WHAT TO WORK ON
Restate exactly, and only, the lines from the one with "新疆自考本科都有哪些专业可选的(新疆师范大学自考本科教育学专业有什么科目)" through the end of the data, with both of those end lines kept. Drop any pictures.

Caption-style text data
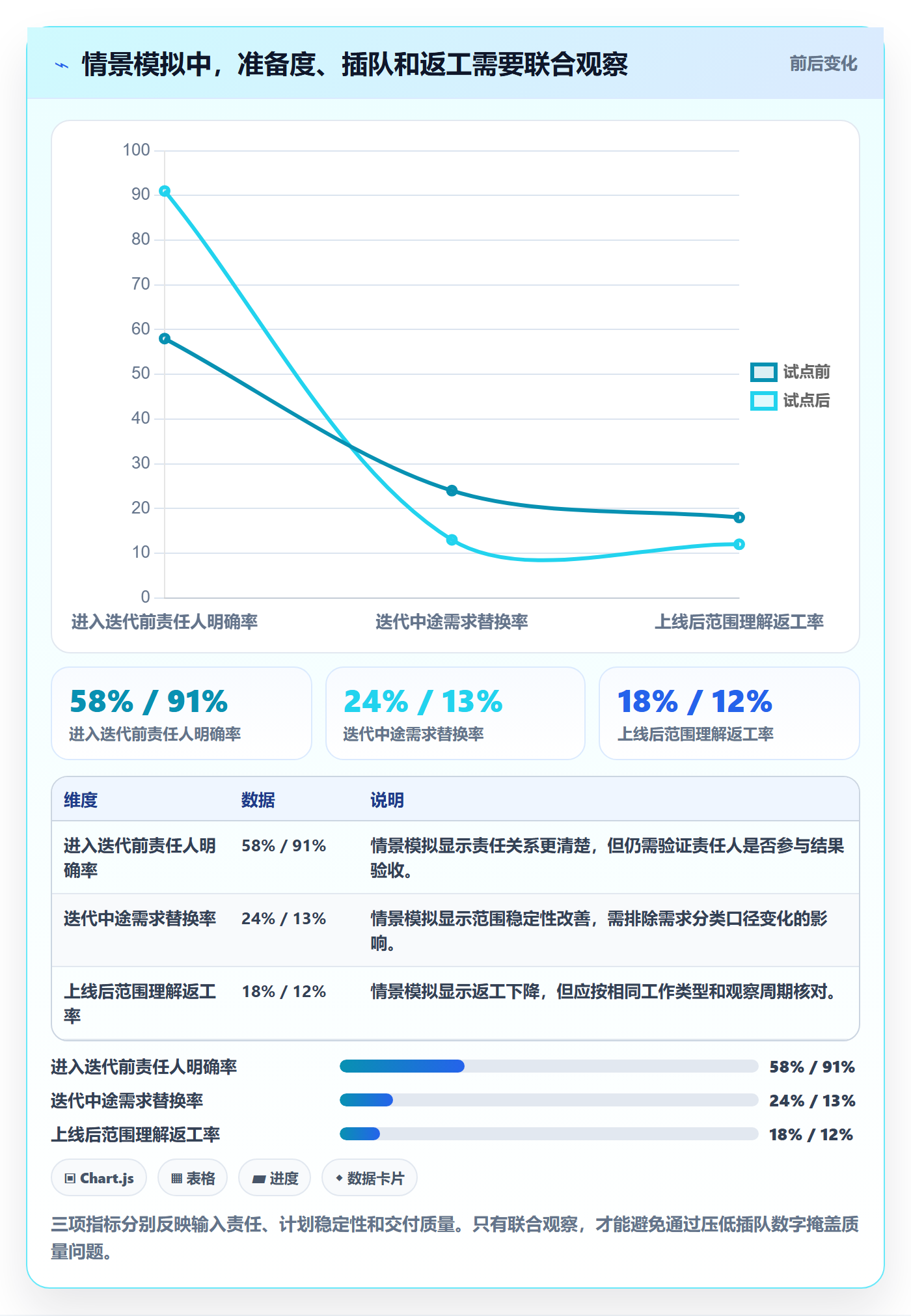 敏捷项目如何做好Backlog?PMO制度设计与操作步骤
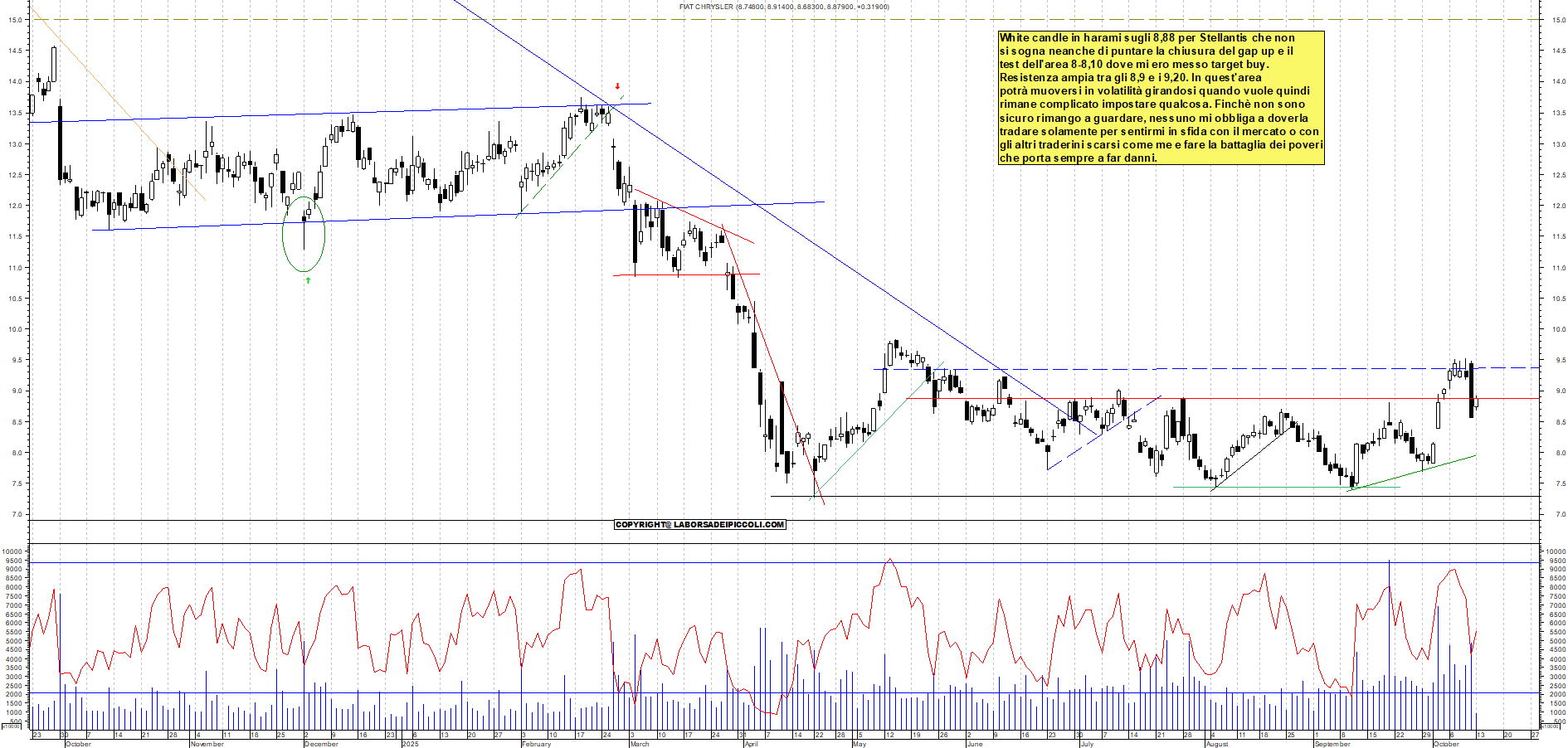 Grafico STELLANTIS - 13/10/2025, 11:23
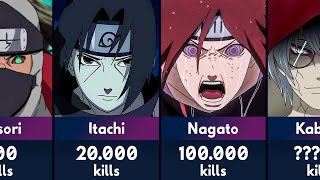 Naruto and Boruto Characters with Highest Kill Count [upl. by Nahguav]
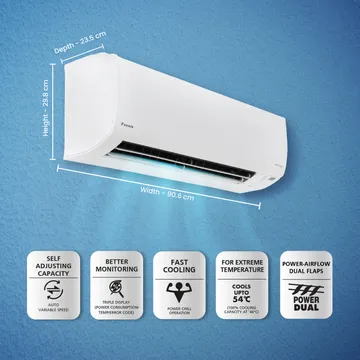 Daikin 2024 Model 1.5 Ton 5 Star Split Inverter AC - White  (ATKM50UV16VA+RKM50UV16VA, Copper Condenser)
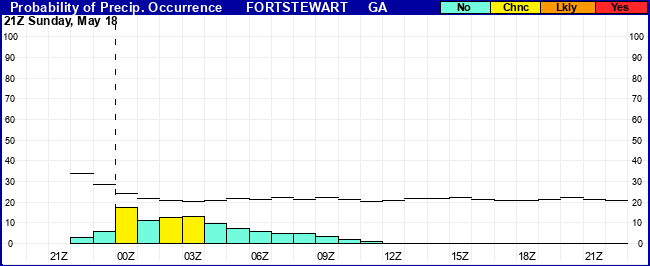 Flight Category Probability Plot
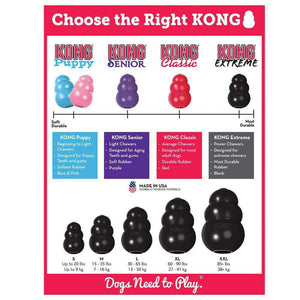 KONG Classic - Bakersfield Pet Food Delivery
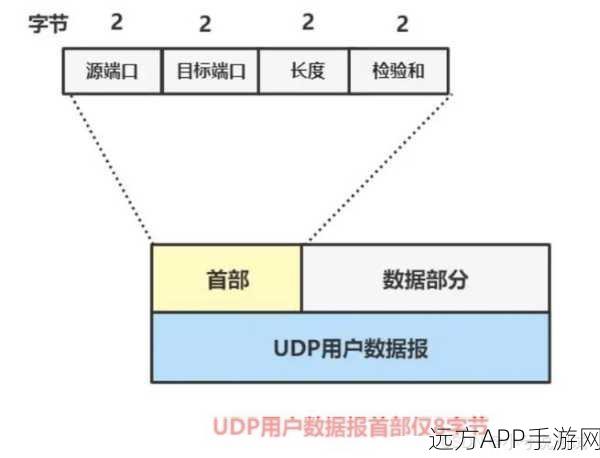 手游跨平台新突破，UDP-TCP Bridge技术引领无缝互联时代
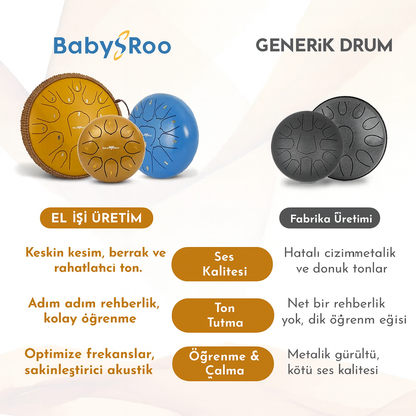 Babysroo™  Balmy Drum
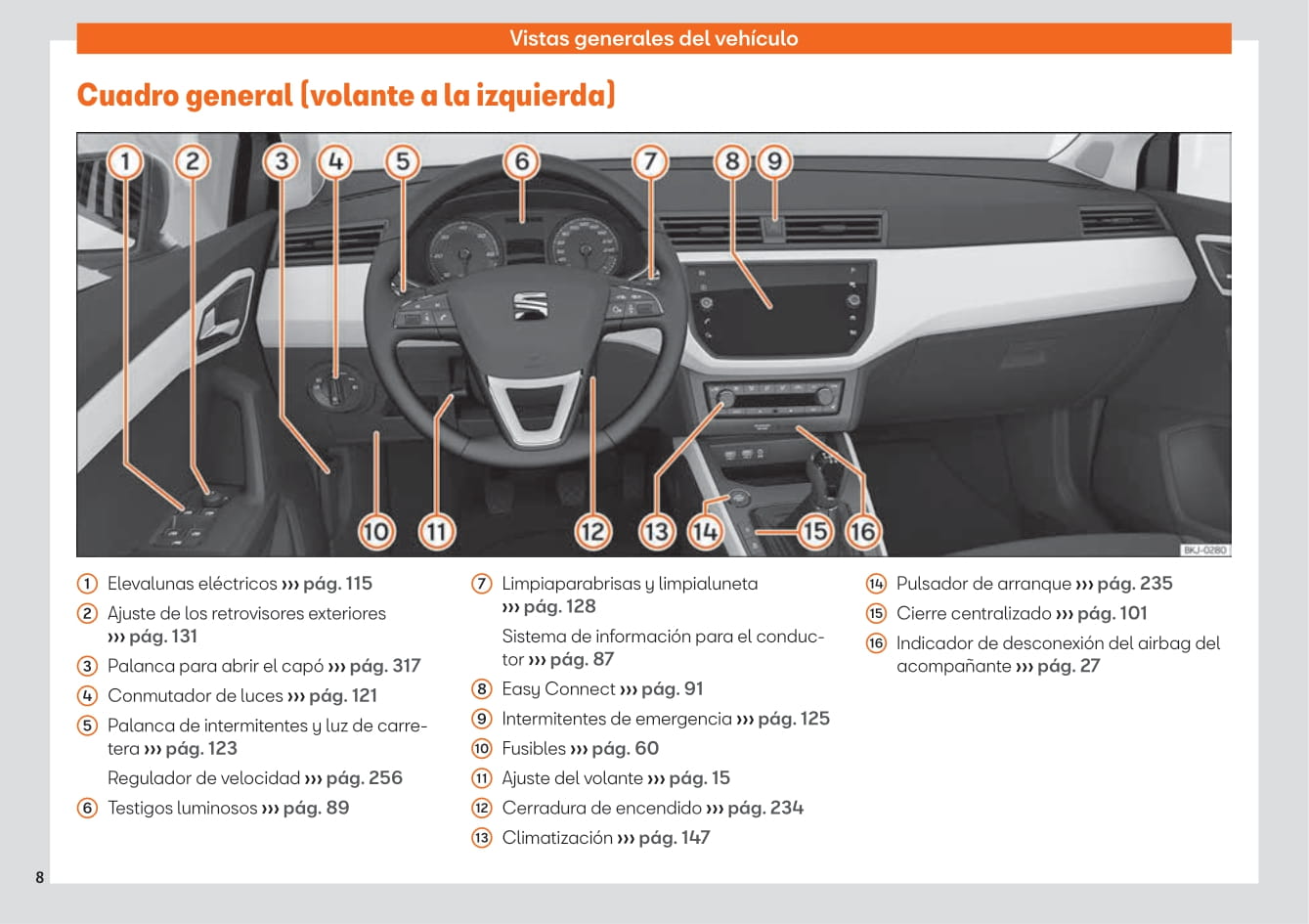 2017-2021 Seat Ibiza Owner's Manual | Spanish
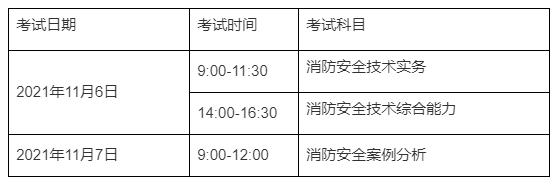 消防工程师考试打印准考证消防工程师考试打印准考证流程  第2张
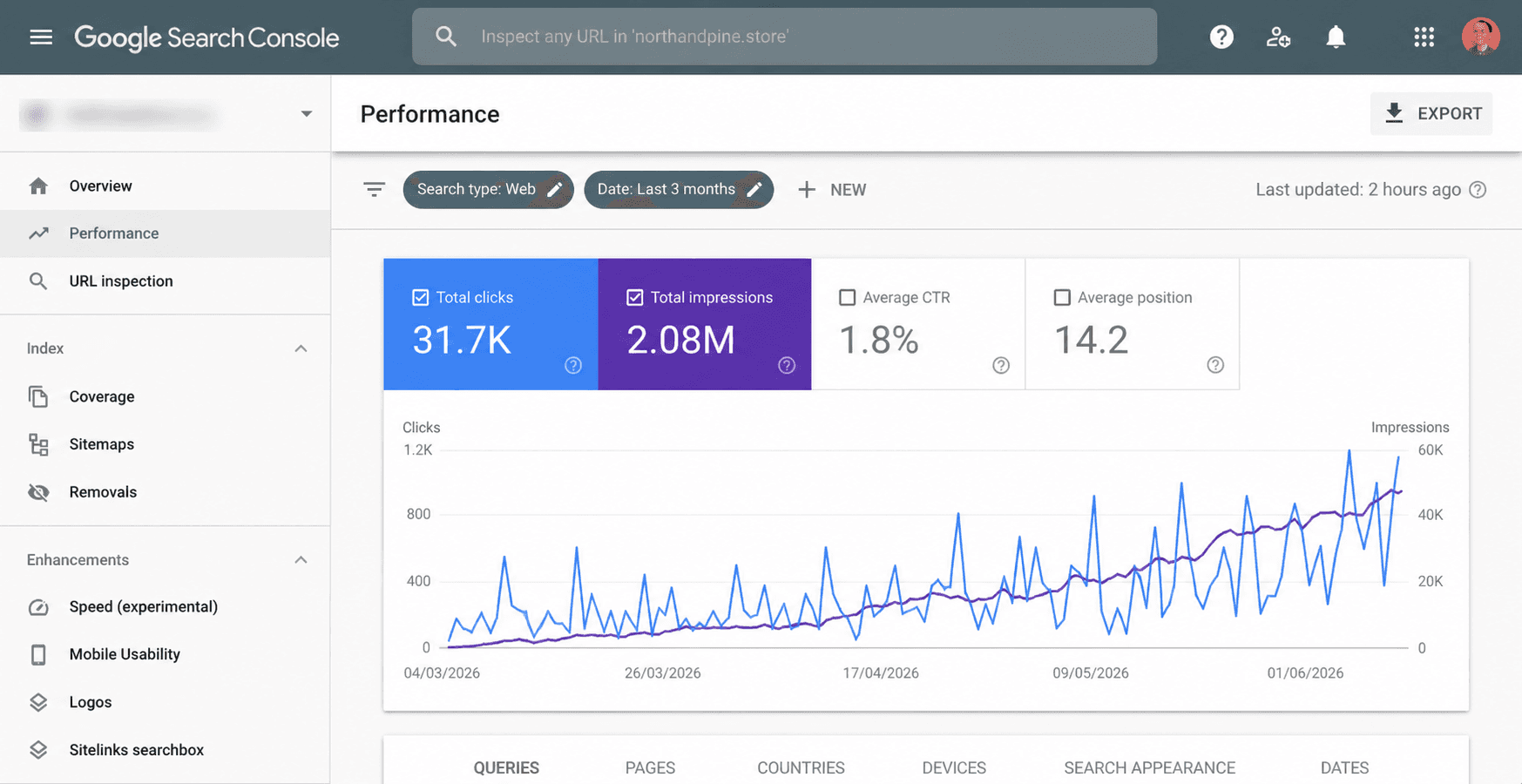 Ecommerce search performance example for northandpine.store: 31.7K clicks, 2.08M impressions, 1.8% CTR, and average position 14.2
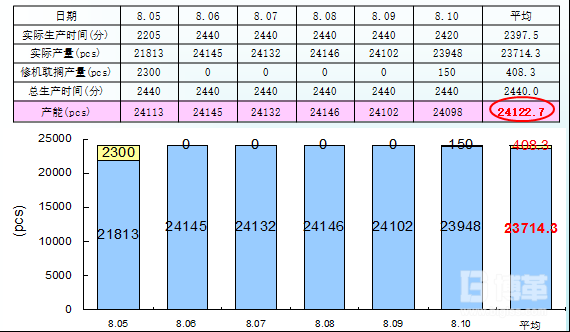 生產(chǎn)線(xiàn)跟蹤數(shù)據(jù)分析表 生產(chǎn)線(xiàn)跟蹤數(shù)據(jù)分析表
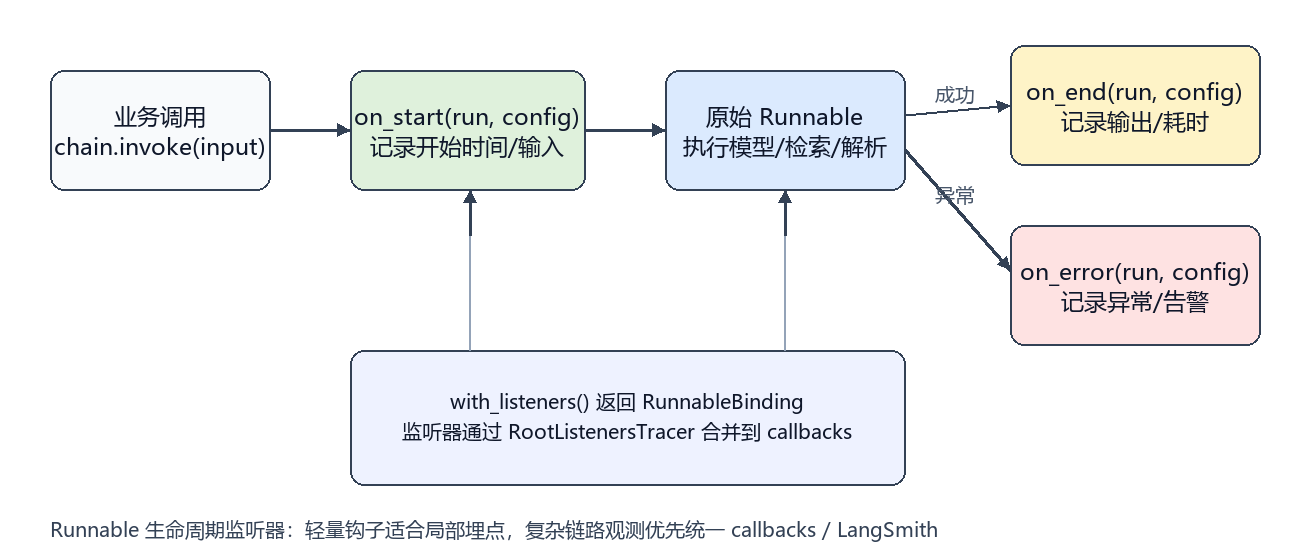 Runnable 生命周期监听器运行流程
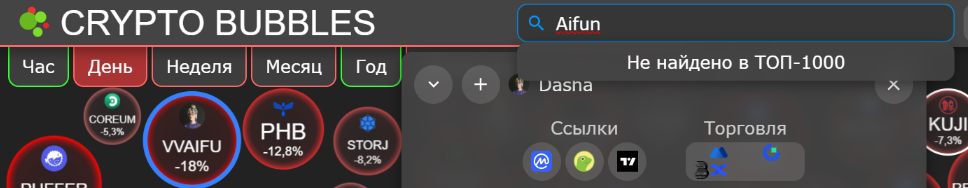 aifun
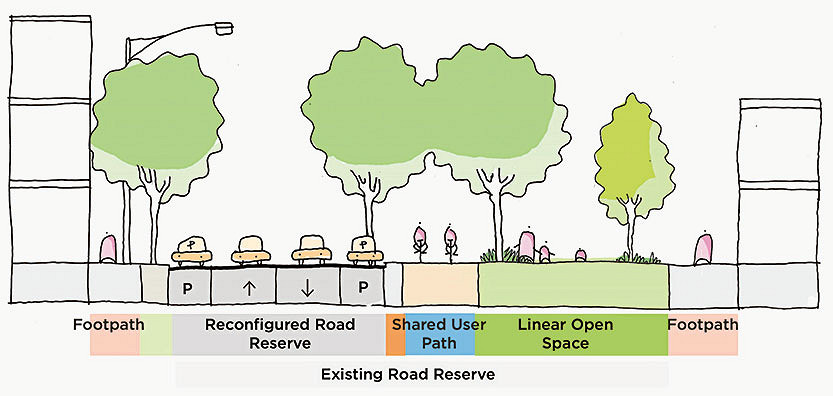 Hawke St linear park plan still flawed, locals say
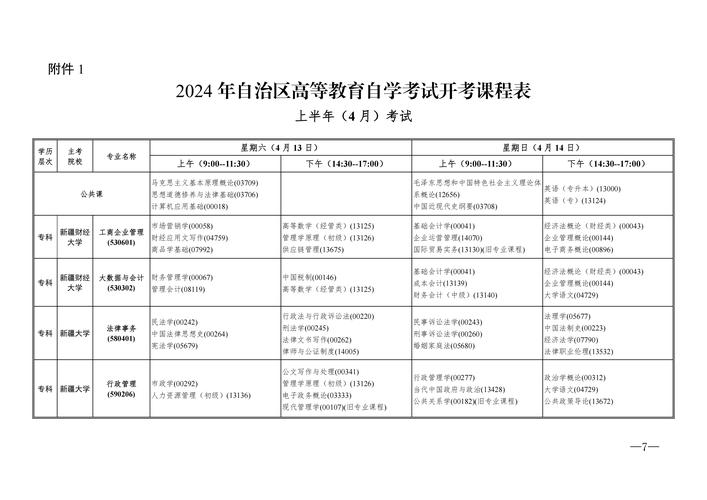 新疆自考本科都有哪些专业可选的(新疆师范大学自考本科教育学专业有什么科目)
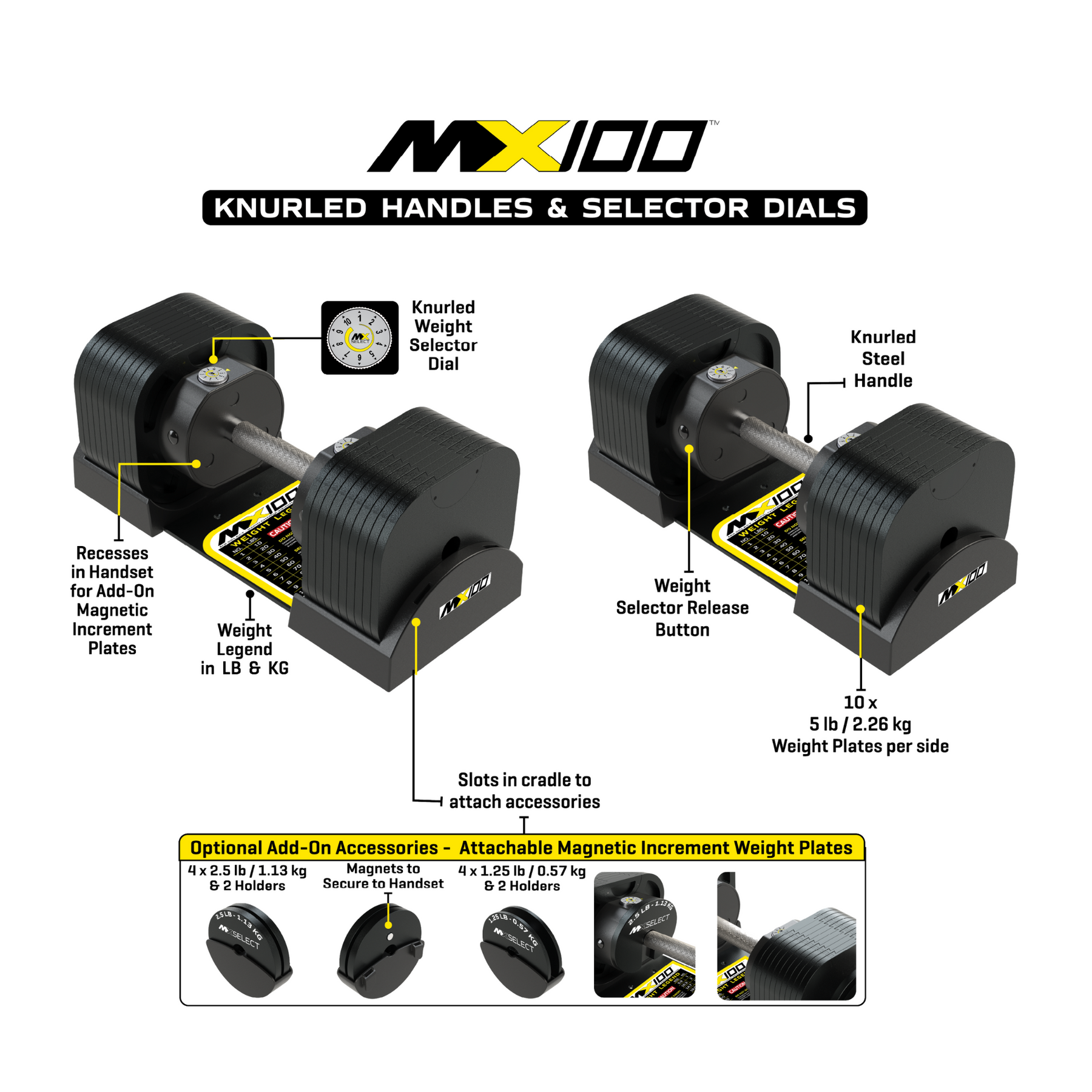 MX100 Rapid Change Dumbbell + MX125 Rapid Change Barbell System with Stand Set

ANSWER SPACE
 新疆自考本科都有哪些专业可选的(新疆师范大学自考本科教育学专业有什么科目)
 MX100 Rapid Change Dumbbell + MX125 Rapid Change Barbell System with Stand Set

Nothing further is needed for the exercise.